A new model for building successful and massively scalable applications is emerging. Bitcoin led the way with its open-source, peer-to-peer nature, cryptographically-stored records (block chain), and limited number of tokens that power the use of its features. Ethereum, Omni and the SAFE Network are just a few of those «decentralized applications» that use a variety of methods to operate. Some use their own block chain (Ethereum), some use existing blockchains and issue their own tokens (Omni Layer), and others operate at two layers above an existing block chain and issue their own tokens (SAFE Network).
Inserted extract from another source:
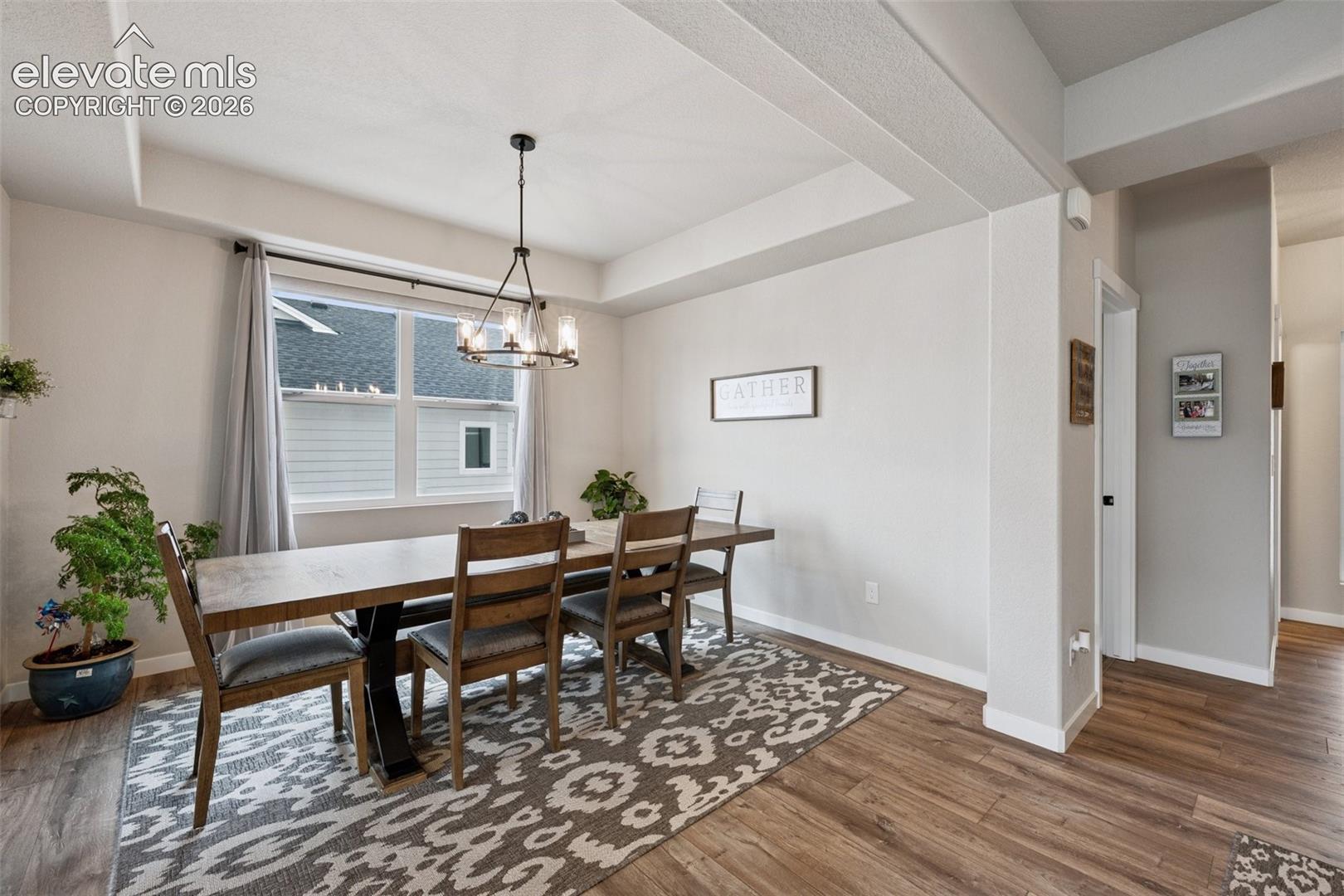 9887 Antelope Ravine Drive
For an application to be considered a DApp it must meet the following criteria:
- The application must be completely open-source, it must operate autonomously, and with no entity controlling the majority of its tokens. The application may adapt its protocol in response to proposed improvements and market feedback but all changes must be decided by consensus of its users.
- The application’s data and records of operation must be cryptographically stored in a public, decentralized blockchain in order to avoid any central points of failure.
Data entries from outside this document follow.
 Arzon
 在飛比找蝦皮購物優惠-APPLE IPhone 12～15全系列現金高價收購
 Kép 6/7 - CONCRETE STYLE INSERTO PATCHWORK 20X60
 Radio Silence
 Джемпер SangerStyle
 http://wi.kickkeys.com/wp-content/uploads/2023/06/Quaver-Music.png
- The application must use a cryptographic token (Bitcoin or a token native to its system) which is necessary for access to the application and any contribution of value from (miners / farmers) should be rewarded in the application’s tokens.
- The application must generate tokens according to a standard crytptographic algorithm acting as a proof of the value nodes are contributing to the application (for example Bitcoin uses the Proof of Work Algorithm).
Classification of DApps:
- Type I. Decentralized applications have their own block chain. Bitcoin is the most famous example of a type I decentralized application but Litecoin and other «alt-coins» are of the same type.
- Type II. Decentralized applications use the block chain of a type I decentralized application. Type II decentralized applications are protocols and have tokens that are necessary for their function. The Omni Protocol is an example of a type II decentralized application.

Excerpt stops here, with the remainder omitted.